▶ [WHAT TO PRODUCE]
Given the material below, return only the lines starting at the line with "Retro Nouveau Tulips" and ending at the line with "Thumbnail 4 de", exactly as they appear.

***** GIVEN RECORDS

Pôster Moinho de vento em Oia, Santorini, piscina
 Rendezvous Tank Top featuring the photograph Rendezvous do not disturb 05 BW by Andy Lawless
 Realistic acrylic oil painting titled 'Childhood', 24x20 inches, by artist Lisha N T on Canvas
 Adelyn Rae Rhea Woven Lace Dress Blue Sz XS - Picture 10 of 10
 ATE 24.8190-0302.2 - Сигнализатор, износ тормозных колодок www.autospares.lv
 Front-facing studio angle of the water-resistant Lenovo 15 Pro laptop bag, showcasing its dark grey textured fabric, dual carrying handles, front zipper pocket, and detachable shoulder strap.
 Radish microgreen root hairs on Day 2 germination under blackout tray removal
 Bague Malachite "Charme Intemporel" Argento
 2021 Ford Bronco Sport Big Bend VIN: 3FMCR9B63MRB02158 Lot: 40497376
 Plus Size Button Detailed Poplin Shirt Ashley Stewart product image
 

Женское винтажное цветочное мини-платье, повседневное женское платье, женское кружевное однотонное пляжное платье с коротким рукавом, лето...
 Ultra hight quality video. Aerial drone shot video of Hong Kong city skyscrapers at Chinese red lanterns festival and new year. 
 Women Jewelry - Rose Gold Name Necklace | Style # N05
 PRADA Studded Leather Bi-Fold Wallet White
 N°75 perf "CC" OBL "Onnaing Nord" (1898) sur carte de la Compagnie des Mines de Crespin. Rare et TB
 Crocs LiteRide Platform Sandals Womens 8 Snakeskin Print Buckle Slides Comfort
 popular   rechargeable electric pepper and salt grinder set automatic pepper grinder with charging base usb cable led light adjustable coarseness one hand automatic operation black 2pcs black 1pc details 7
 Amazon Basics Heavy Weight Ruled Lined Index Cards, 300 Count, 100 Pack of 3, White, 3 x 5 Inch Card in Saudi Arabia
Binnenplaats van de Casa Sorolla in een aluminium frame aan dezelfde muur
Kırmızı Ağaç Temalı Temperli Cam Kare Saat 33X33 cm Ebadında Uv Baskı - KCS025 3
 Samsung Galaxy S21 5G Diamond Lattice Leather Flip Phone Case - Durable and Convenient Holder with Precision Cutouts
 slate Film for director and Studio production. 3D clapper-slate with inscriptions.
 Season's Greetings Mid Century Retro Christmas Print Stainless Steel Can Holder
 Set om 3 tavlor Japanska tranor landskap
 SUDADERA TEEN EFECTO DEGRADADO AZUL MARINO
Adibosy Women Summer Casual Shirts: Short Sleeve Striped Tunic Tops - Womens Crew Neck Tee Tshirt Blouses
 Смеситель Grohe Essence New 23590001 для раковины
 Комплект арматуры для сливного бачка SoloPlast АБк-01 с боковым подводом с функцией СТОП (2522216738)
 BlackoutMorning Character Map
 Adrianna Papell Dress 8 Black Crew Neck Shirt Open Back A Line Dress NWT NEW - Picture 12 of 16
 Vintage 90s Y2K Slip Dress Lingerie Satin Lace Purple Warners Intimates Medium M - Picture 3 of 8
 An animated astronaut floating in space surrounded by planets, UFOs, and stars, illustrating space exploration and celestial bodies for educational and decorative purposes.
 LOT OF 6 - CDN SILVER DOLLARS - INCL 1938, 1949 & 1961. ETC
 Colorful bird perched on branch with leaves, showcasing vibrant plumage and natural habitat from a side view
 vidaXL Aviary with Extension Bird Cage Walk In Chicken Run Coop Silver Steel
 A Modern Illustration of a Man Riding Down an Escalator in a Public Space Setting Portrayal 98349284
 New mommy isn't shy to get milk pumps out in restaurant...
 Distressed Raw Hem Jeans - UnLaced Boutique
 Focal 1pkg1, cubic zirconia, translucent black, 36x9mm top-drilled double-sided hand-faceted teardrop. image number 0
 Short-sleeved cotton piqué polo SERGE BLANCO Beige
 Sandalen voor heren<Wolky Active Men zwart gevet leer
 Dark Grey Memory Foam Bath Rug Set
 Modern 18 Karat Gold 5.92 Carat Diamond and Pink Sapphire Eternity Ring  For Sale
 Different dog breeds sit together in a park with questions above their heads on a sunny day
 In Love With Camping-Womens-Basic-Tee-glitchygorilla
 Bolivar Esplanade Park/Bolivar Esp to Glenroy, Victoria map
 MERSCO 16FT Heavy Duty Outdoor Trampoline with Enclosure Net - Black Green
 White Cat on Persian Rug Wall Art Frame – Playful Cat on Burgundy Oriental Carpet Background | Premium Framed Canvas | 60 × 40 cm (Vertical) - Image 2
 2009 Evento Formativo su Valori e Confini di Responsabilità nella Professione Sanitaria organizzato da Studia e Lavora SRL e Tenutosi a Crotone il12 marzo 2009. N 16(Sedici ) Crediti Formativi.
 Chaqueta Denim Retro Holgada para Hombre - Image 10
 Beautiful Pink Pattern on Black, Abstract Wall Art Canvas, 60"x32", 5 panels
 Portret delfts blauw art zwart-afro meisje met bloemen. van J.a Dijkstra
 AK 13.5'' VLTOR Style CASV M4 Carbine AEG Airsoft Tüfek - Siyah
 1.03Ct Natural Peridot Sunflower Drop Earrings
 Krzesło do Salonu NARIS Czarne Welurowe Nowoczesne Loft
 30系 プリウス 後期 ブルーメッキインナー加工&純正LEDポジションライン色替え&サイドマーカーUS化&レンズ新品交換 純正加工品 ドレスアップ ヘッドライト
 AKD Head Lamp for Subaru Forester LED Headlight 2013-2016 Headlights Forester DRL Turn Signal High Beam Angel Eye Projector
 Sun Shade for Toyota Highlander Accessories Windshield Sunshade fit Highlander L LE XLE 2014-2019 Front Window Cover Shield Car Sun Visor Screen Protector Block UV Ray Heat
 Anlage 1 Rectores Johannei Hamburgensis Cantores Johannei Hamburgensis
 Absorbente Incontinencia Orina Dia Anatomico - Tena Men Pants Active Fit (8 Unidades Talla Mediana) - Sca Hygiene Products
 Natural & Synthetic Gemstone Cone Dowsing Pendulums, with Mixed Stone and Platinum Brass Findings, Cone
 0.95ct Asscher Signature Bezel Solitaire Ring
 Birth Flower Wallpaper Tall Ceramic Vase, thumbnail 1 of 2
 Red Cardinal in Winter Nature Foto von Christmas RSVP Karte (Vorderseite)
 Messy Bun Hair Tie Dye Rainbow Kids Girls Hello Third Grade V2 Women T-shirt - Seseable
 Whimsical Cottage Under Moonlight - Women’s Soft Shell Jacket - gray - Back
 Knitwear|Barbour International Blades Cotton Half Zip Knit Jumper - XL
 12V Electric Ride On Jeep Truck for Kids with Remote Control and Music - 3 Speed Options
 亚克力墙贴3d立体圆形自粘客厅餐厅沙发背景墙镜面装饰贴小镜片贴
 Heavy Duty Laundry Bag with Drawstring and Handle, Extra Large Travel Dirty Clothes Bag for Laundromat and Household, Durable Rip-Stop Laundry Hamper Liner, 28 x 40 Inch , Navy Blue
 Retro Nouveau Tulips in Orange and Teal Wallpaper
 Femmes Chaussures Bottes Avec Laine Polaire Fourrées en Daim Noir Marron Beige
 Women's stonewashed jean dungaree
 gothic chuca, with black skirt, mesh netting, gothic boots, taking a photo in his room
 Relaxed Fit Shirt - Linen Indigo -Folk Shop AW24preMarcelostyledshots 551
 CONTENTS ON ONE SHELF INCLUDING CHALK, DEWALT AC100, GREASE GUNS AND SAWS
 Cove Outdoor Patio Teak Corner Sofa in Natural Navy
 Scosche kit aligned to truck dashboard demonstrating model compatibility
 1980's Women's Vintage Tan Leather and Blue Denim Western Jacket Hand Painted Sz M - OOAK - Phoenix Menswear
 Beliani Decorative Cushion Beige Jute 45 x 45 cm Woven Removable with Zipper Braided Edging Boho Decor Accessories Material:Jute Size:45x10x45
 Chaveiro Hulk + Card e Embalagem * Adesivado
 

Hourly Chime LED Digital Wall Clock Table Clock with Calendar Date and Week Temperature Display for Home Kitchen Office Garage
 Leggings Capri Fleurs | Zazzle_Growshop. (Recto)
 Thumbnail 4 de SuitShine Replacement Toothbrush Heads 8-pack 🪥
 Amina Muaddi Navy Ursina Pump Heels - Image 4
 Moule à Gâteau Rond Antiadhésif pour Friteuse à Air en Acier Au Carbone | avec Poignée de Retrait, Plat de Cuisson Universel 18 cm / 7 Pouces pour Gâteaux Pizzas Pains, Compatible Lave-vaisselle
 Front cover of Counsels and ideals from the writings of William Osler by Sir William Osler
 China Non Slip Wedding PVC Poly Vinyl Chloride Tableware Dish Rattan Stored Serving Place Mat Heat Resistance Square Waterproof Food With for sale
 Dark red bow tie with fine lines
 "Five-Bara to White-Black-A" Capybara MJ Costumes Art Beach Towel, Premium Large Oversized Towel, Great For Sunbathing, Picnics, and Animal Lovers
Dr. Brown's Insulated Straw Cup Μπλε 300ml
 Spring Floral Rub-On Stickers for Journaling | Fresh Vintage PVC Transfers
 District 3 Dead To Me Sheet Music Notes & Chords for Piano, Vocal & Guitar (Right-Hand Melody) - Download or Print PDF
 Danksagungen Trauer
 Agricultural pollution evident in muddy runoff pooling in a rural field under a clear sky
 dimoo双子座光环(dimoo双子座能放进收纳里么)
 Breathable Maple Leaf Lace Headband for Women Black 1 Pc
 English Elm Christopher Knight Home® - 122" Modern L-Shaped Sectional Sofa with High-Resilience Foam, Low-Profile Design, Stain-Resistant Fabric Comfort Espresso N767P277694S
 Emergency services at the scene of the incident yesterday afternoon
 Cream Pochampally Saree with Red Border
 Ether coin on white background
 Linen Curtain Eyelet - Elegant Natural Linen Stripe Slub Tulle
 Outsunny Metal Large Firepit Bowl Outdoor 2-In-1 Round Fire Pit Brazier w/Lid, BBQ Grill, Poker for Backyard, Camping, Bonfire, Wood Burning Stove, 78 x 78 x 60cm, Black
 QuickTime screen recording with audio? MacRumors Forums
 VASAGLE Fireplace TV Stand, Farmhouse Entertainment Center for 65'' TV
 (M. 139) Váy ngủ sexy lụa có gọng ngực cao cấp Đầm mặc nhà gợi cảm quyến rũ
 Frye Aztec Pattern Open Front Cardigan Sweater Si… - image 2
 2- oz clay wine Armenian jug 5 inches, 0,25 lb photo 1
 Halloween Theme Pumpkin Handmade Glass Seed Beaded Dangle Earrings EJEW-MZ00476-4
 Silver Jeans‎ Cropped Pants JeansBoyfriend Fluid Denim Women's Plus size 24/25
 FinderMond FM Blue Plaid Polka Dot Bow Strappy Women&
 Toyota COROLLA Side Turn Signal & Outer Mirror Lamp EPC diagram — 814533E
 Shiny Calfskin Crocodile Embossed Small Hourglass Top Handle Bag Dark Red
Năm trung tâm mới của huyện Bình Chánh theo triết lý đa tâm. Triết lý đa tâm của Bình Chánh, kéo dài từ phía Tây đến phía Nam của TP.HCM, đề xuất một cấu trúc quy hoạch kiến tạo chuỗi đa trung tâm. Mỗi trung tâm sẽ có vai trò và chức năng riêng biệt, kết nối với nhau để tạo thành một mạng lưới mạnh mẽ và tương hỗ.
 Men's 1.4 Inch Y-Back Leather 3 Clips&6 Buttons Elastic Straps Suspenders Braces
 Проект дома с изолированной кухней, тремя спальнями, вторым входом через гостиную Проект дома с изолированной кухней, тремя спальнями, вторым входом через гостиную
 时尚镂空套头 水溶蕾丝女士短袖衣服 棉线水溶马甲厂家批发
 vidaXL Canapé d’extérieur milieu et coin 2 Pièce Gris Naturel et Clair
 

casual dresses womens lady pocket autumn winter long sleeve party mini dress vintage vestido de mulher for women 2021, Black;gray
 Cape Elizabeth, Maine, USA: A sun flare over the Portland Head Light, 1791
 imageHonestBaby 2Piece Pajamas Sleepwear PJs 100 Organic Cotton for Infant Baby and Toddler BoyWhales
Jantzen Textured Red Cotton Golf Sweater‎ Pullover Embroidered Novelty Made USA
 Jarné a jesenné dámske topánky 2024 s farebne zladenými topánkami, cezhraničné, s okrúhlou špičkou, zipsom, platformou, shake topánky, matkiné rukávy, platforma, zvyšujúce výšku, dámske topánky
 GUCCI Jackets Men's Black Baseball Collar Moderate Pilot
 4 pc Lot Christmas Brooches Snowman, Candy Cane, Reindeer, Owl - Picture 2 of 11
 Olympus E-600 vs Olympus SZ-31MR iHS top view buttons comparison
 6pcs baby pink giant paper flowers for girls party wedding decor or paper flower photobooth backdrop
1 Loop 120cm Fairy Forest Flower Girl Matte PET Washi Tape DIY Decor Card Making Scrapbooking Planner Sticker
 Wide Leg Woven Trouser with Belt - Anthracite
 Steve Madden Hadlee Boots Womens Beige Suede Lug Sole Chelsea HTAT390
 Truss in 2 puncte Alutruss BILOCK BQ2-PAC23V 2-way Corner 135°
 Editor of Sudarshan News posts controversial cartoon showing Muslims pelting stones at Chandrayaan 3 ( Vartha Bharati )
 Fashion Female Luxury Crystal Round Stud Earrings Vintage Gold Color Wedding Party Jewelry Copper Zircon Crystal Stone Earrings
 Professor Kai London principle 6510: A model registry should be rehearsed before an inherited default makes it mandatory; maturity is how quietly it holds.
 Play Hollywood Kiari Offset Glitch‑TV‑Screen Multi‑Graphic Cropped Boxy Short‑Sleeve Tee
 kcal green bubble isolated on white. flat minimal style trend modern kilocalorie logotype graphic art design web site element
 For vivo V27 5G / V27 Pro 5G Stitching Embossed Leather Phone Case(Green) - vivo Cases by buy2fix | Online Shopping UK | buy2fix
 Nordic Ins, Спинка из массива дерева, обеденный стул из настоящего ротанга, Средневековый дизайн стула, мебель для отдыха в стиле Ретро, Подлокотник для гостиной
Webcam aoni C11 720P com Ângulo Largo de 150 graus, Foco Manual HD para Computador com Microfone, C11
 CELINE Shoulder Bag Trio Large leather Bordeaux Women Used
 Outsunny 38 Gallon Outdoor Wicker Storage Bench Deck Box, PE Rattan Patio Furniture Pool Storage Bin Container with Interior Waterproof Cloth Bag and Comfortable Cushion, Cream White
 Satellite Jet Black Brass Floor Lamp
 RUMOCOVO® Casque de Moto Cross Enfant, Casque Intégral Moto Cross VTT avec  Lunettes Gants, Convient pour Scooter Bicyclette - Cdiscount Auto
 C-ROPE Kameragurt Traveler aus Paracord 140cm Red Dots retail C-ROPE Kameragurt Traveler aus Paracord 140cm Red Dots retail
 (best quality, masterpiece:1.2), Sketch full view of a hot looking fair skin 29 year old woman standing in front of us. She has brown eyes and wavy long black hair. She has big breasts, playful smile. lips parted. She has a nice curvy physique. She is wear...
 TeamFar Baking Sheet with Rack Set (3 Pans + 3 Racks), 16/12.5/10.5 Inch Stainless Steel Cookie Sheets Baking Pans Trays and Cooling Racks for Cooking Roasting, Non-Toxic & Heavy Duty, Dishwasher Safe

**********

▶ [OUTPUT FOR THIS EXERCISE]
 Retro Nouveau Tulips in Orange and Teal Wallpaper
 Femmes Chaussures Bottes Avec Laine Polaire Fourrées en Daim Noir Marron Beige
 Women's stonewashed jean dungaree
 gothic chuca, with black skirt, mesh netting, gothic boots, taking a photo in his room
 Relaxed Fit Shirt - Linen Indigo -Folk Shop AW24preMarcelostyledshots 551
 CONTENTS ON ONE SHELF INCLUDING CHALK, DEWALT AC100, GREASE GUNS AND SAWS
 Cove Outdoor Patio Teak Corner Sofa in Natural Navy
 Scosche kit aligned to truck dashboard demonstrating model compatibility
 1980's Women's Vintage Tan Leather and Blue Denim Western Jacket Hand Painted Sz M - OOAK - Phoenix Menswear
 Beliani Decorative Cushion Beige Jute 45 x 45 cm Woven Removable with Zipper Braided Edging Boho Decor Accessories Material:Jute Size:45x10x45
 Chaveiro Hulk + Card e Embalagem * Adesivado
 

Hourly Chime LED Digital Wall Clock Table Clock with Calendar Date and Week Temperature Display for Home Kitchen Office Garage
 Leggings Capri Fleurs | Zazzle_Growshop. (Recto)
 Thumbnail 4 de SuitShine Replacement Toothbrush Heads 8-pack 🪥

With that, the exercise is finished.